Eissa, Phoenix'i güldüğü için daha fazla azarlamaya hazırdı ancak 'değer verdiğimiz' kelimelerini duymasıyla kelimeleri dilinden dökülmeyi reddetmişti. Kalbinin hızla attığını hissederken gözlerini Phoenix'in kan kırmızısı irislerinden çekti. Phoenix ekledi. "Endişelenme, biraz dinlenince iyi olacağım."

Phoenix'in sözleri Eissa'nın endişesini dindirmeye yetmiyordu. Phoenix çok kısa zamandır etrafında olsa bile onu o şekilde baygın gördüğünde bir daha uyanmama ihtimali düşünmek yüreğini ağzına getirmişti. Bir kez daha birini kaybetmeyi kaldırıp kaldıramayacağını bilmiyordu. Yine de sessiz kaldı, eğer her kötü olduğunda Phoenix o duruma düşecekse o zaman Eissa da iyi olmak için elinden geleni yapmalıydı.
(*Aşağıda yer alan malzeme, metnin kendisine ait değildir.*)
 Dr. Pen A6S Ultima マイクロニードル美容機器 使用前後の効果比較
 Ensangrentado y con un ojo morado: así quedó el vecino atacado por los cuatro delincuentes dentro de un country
Kısa bir sessizlik aralarına girmişti. Çok geçmeden Eissa bir kez daha Phoenix'e doğru döndü ve kısaca onu süzdü. Kesinlikle daha iyi gözüküyordu. Ona baktığını hissedince Phoenix de ona dönmüştü. Sesi nazikti. "Sormak istediğin bir şey mi var?"

Eissa, Phoenix'in konuşmasını beklemediği için diğerinin aniden soru sormasıyla neredeyse yerinde zıplamıştı. Hemen bakışlarını yere çevirdi.

Sormak istediği şeyler tabii ki de vardı. Adina'nın Esse'lerin varlığını onaylamasının ardından Roi'un da Visus olduğunu öğrenmişti ve bu, Esse'lerin hayal ürünü olmadığını kanıtlamak için fazlasıyla yeterliydi. Bu gerçeği kabulleneli birkaç hafta olmuştu ancak bir kez daha yüzüne vurulmasıyla düşünmeden edemiyordu.

Esse'ler normalde nasıl yaşıyorlardı? Nasıl güçlere sahiplerdi? Neden insanlara bağlanıyorlardı ve insanlar genellikle neden onları göremiyordu? Birine bağlanmak ne demekti? Visus'ların onlardan nefret etme sebebi neydi?